**** Data for this exercise ****
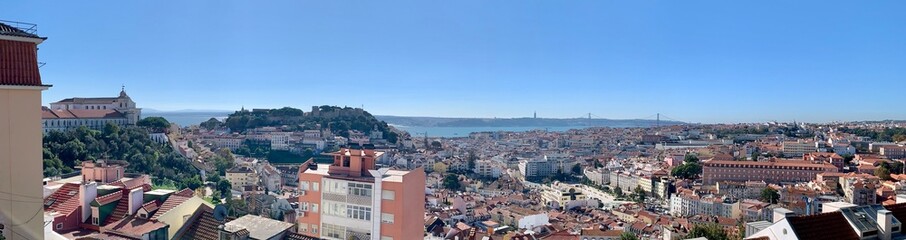 Obraz premium Vue panoramique de Lisbonne au Portugal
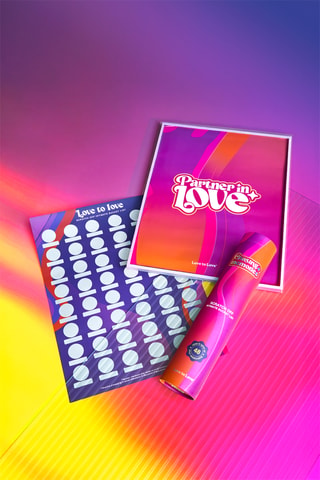 Poster da grattare per coppie - 30 x 40 cm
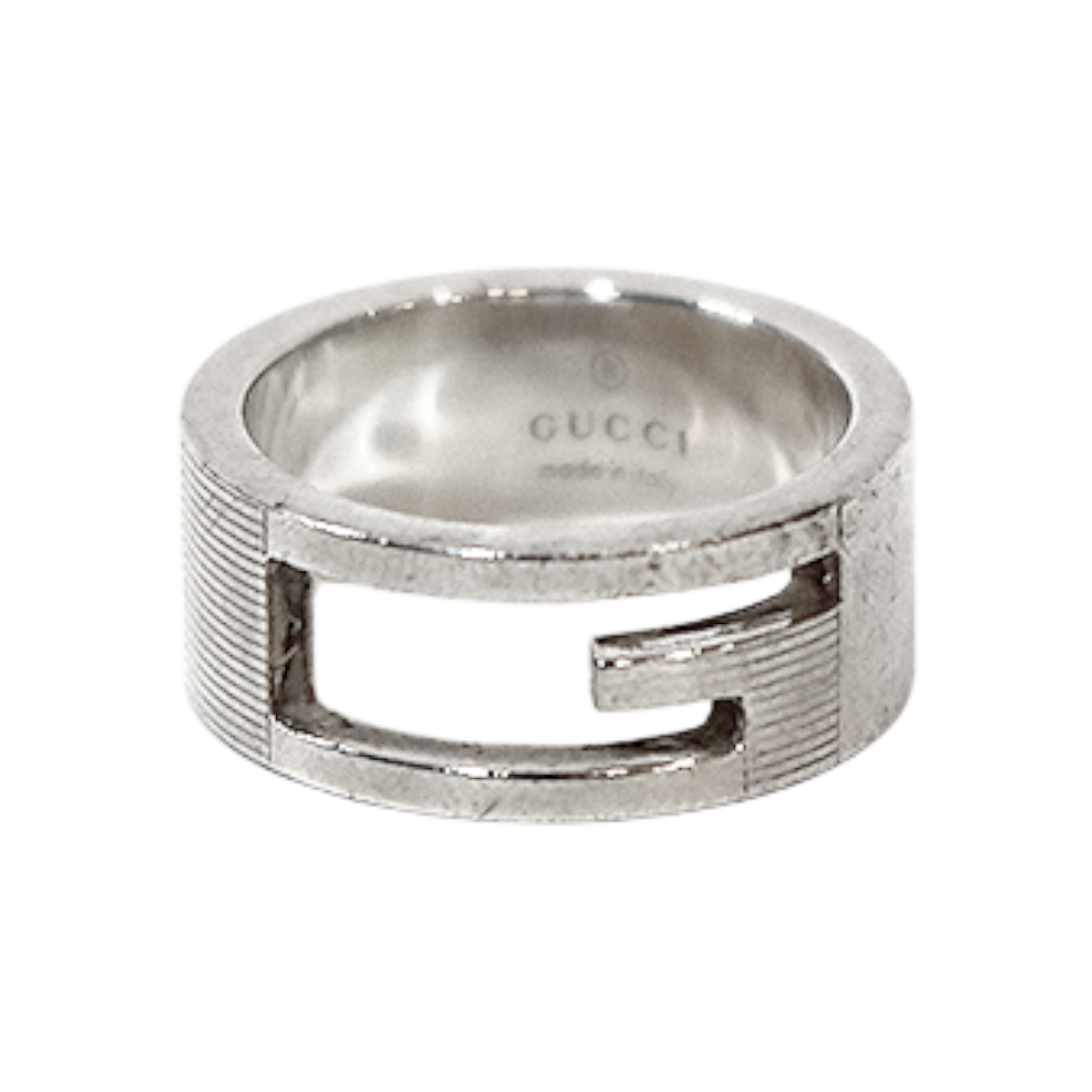 ITAG3938GSI2 Gucci G Silver Ring A-B17531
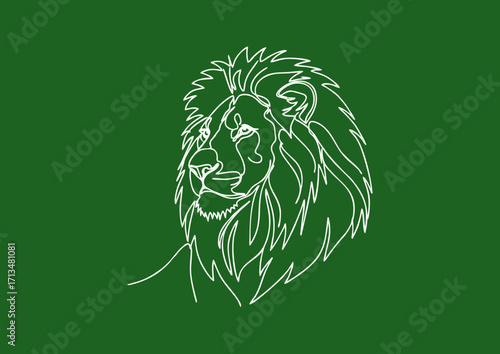 Hand-drawn vector sketch of a lion in black and white line art style with detailed mane and realistic expression. Ideal for branding, tattoo design, wildlife art, or educational illustration.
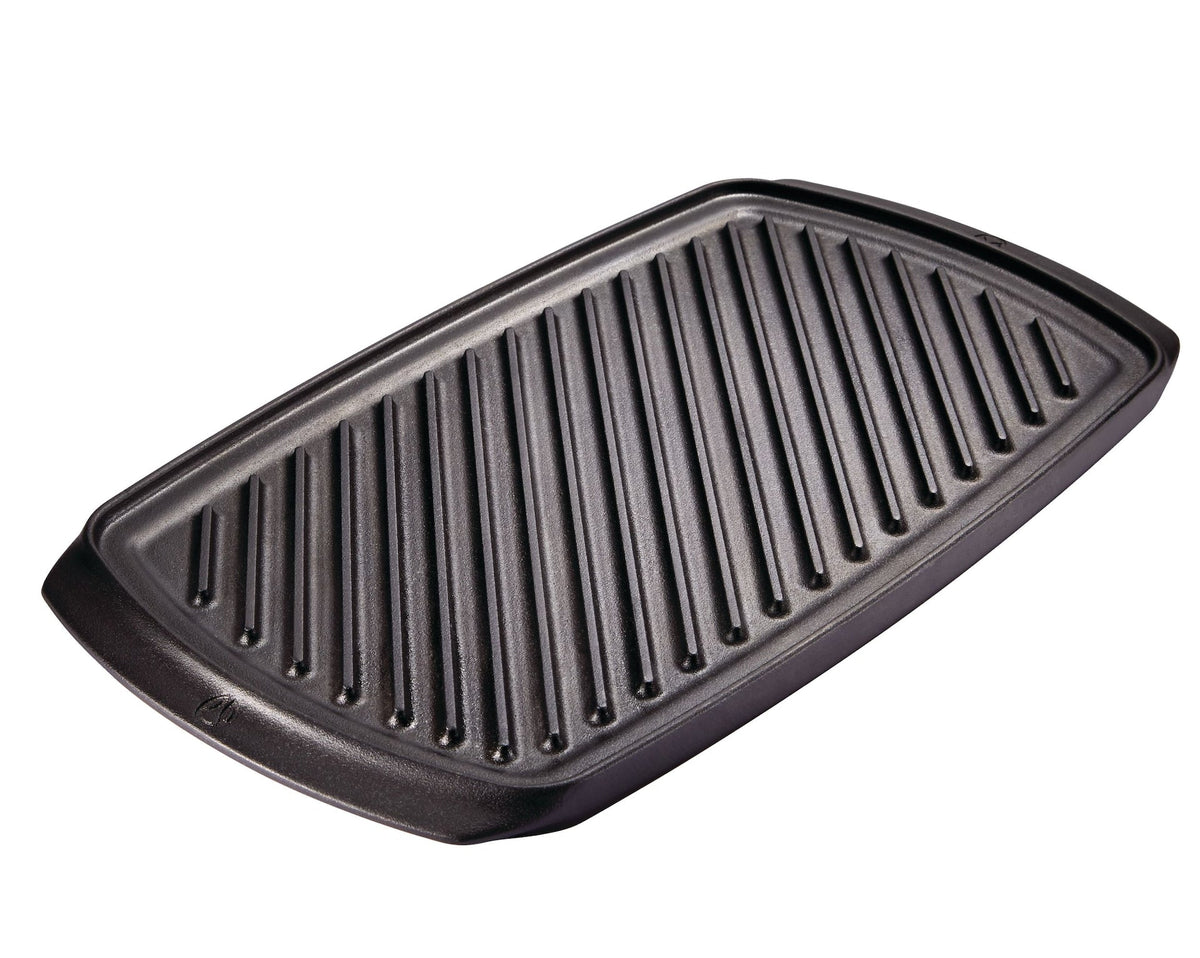 PADERNO Signature Cast Iron Reversible Grill & Griddle, BBQ & Oven Safe, Black, 20-in x 10-in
****
With pictures excluded, output the listing above exactly as it stands.

=== Written answer ===
 Obraz premium Vue panoramique de Lisbonne au Portugal
 Poster da grattare per coppie - 30 x 40 cm
 ITAG3938GSI2 Gucci G Silver Ring A-B17531
 Hand-drawn vector sketch of a lion in black and white line art style with detailed mane and realistic expression. Ideal for branding, tattoo design, wildlife art, or educational illustration.
 PADERNO Signature Cast Iron Reversible Grill & Griddle, BBQ & Oven Safe, Black, 20-in x 10-in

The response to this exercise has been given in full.